When I studied Chinese, though, I began to notice a preference for verbs. Modern Chinese does use ontological metaphors, such as fāzhăn (literally “emit and unfold”) to mean “development” or xὶnxīn (“believe mind”) for “confidence.” But these are modern words that derive from Western languages (mostly via Japanese) and carry a Western flavor with them. “I firmly believe that…” is a natural phrase in Chinese; you can also say “I have a lot of confidence that…” but the use of a noun in such a phrase is a borrowing from the West.

(...)

I wondered: in Western languages, especially in their modern versions, do we sometimes use nouns to conceive things when we don’t really need to? For example, when electrical impulses are speeding along neurons in the brain, might not a verb be best? Why do we create the noun “neural connectivity” and then refer to it as an actor: “neural connectivity makes it natural for complex metaphorical mappings to be built”? This sentence is from Lakoff, but similar examples are everywhere. A medical researcher at the University of California at San Francisco in 2003 discussed mad cow disease in terms of its “high infectivity.” Infectivity? Why not just say the disease spreads easily?

Next I wondered: does this question matter? Does unnecessary turning of verbs into nouns ever do any harm, or am I just fussing? 

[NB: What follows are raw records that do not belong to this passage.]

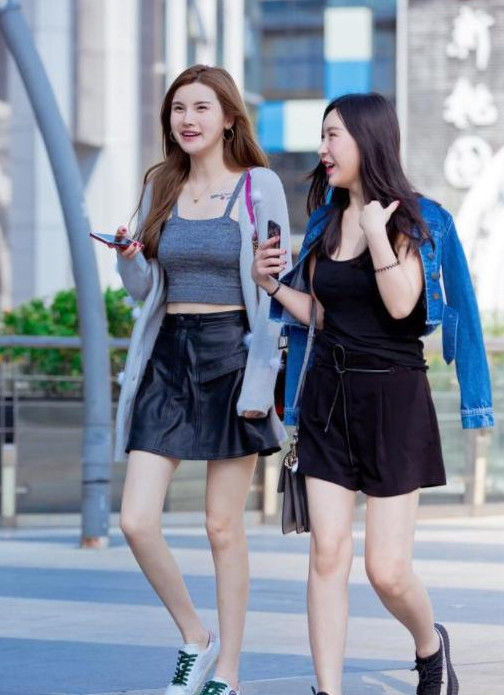  『粉色』街拍：容颜动人的小美女，身穿粉色连衣短裙，靓丽又吸睛
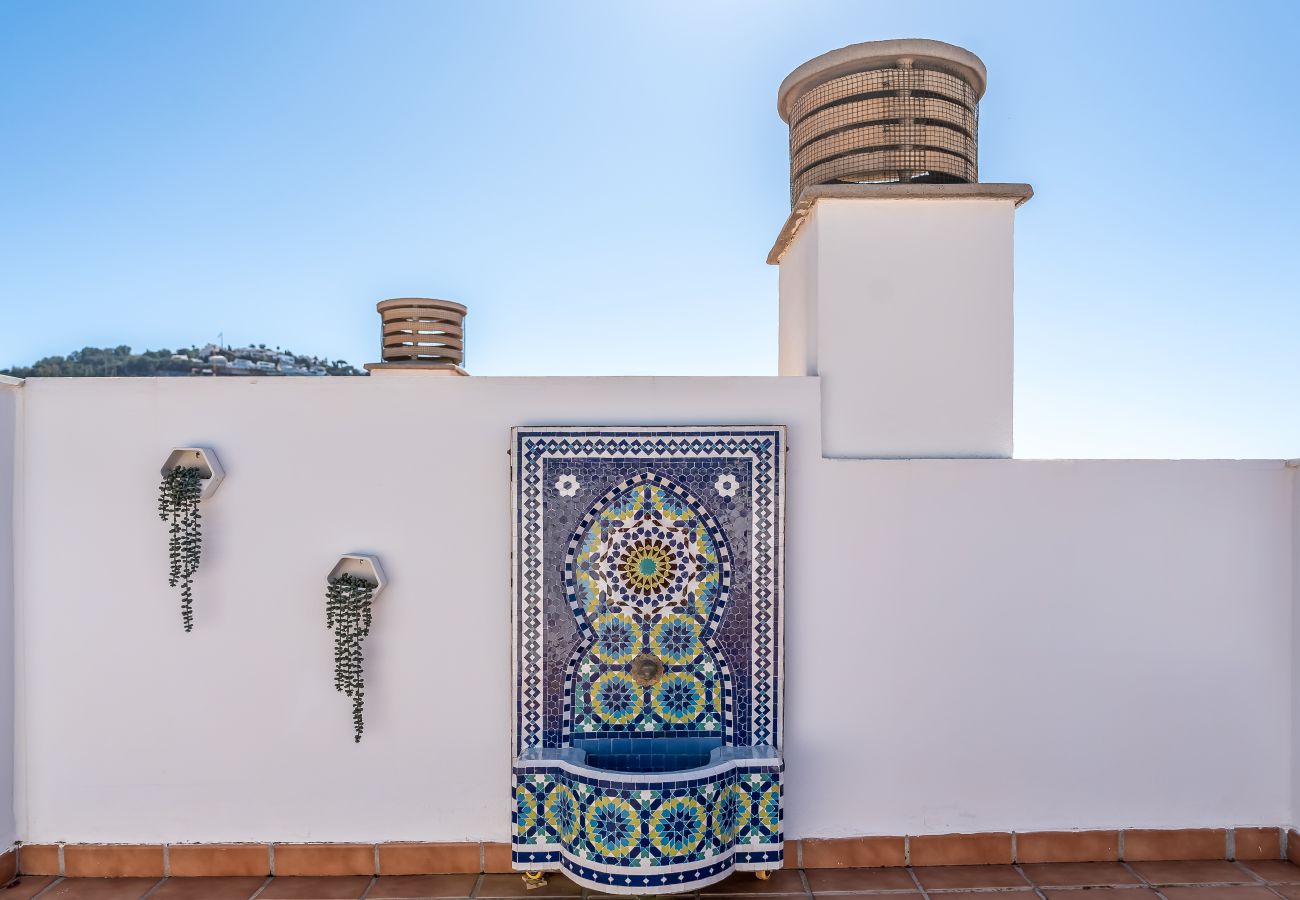Apartment in La Herradura - Large Terrace & Sea Views, Near the Beach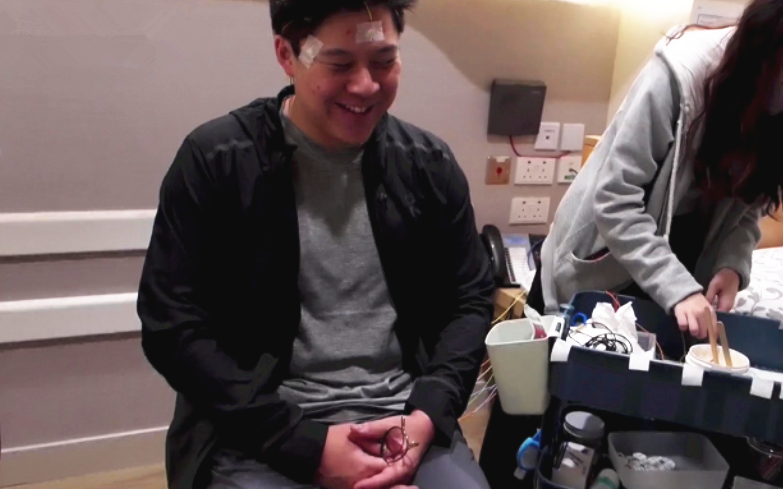 霍启刚|44岁霍启刚突然病倒入院!接受治疗全身接线,精神状态不好引担忧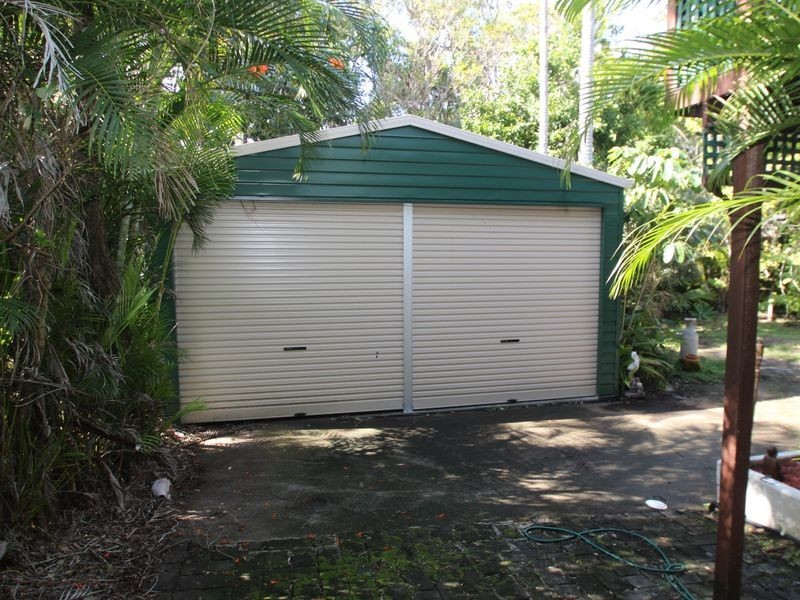 8 Barry Street, Torquay QLD 4655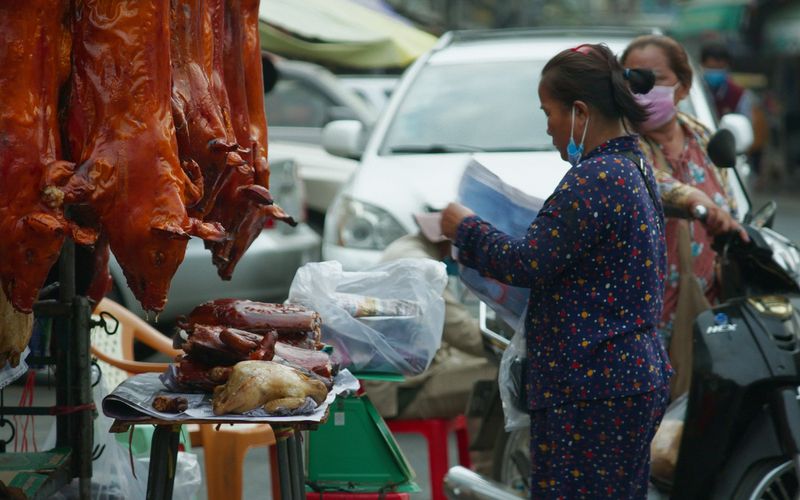 Wildtiermärkte wie hier in Phnom Penh bergen ein großes Risiko für die Übertragung von Viren durch die lebend oder frisch geschlachtet verkauften Tiere auf Menschen. 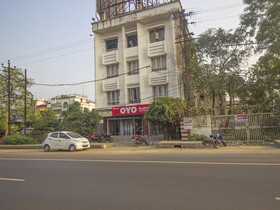 Sudhriti Hotel By OYO Rooms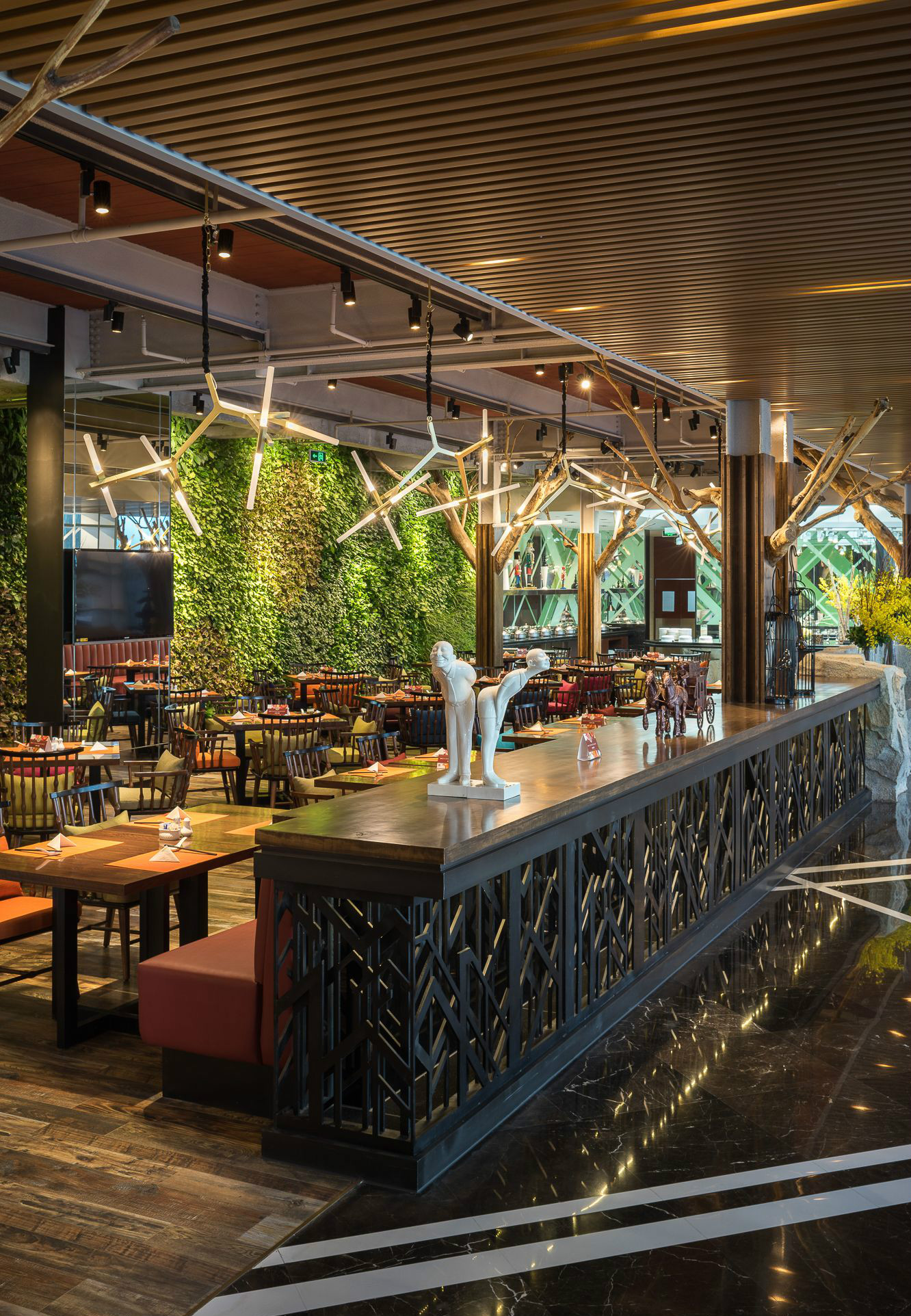 筑土设计  极富艺术感的“树”餐厅-5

Where it can cause trouble, I think, is at the point where people begin to assume that a noun somehow says something more than a verb or adjective does. “The neurons connect well” and “the neural connectivity is good” say the same thing, but I fear that people begin to suppose that “neural connectivity” somehow adds to “neurons connect” and becomes a “thing” in itself, not just a label for an action."